Pas question, en tout cas, pour le mois de juillet de multiplier les jours de grève. Certains grévistes totalisent trente jours d’arrêt de travail au compteur qui pèsent lourd sur leur fiche de paie. La mobilisation ne pourra donc être ciblée que sur quelques dates.
Reste la question de l’utilité de nouveaux jours de grève alors que le texte de la réforme ferroviaire a été voté. Sauf avis contraire du Conseil constitutionnel, la fin du statut des cheminots pour les nouveaux embauchés, la transformation de la SNCF en société anonyme et l’ouverture à la concurrence des lignes nationales comme régionales sont désormais irréversibles. Le gouvernement a, en outre, les coudées franches pour prendre des décrets d’application sur le calendrier et les détails de la mise en œuvre de la loi. L’exécutif peut par ailleurs prendre des ordonnances pour les sujets plus importants que le texte de loi sur la réforme ferroviaire n’aborde pas particulièrement, comme le devenir des petites lignes.
Négociations sur le statut
Pour autant, les organisations syndicales veulent maintenir la pression pour la «troisième mi-temps «qui ne fait que débuter. La partie maintenant se jouer devant l’Union des transports publics. Cet organisme patronal regroupe l’ensemble des entreprises ferroviaires présentes en France. Or, il leur revient d’élaborer la future convention collective des salariés du monde du rail. Ce document viendra remplacer feu le statut des cheminots et précisera aussi bien le temps de travail que les rémunérations pour les dizaines de métiers du train. Pas moins de dix-huit mois sont prévus pour rédiger ce volumineux document.
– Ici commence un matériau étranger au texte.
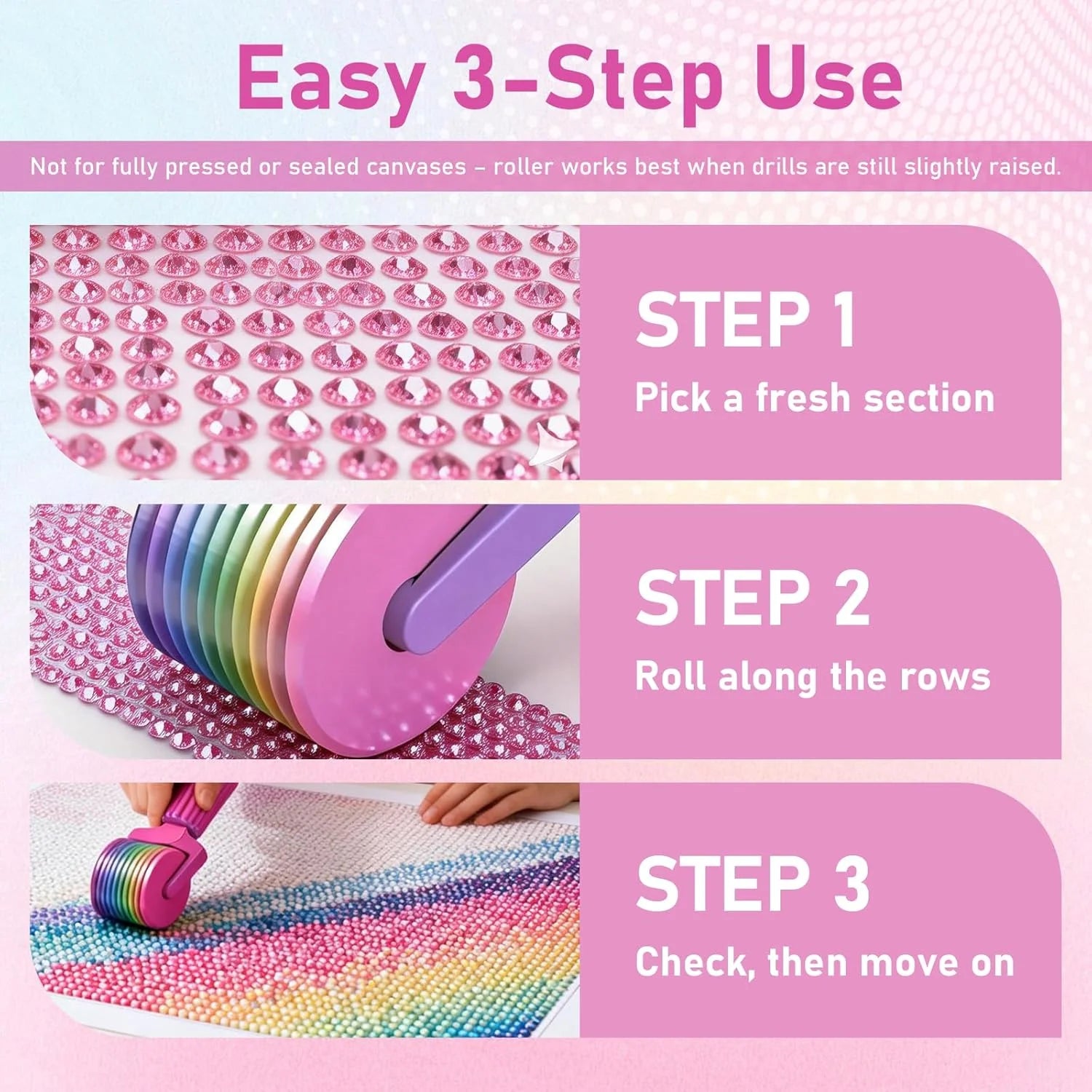 Diamond Painting Roller Tool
C’est justement sur cette négociation que veulent peser les quatre syndicats de la SNCF qui, cette fois-ci agiront en front désuni.
Ainsi Sud entend prendre comme base de négociation l’actuel statut des cheminots et négocier pied à pied chaque point que voudra modifier l’UTP. Cette dernière, en revanche, va vraisemblablement partir d’une page blanche dans le but de construire, ex nihilo un nouveau statut des salariés du rail. Les discussions s’annoncent donc animées et l’Etat devrait se retrouver en position d’arbitre.
La première réunion de ce marathon social a eu lieu vendredi. La CGT en est sortie en qualifiant les échanges de provocation tandis que l’Unsa y a vu des avancées intéressantes. Les prémices d’un requiem pour une unité syndicale à l’avenir plus qu’incertain.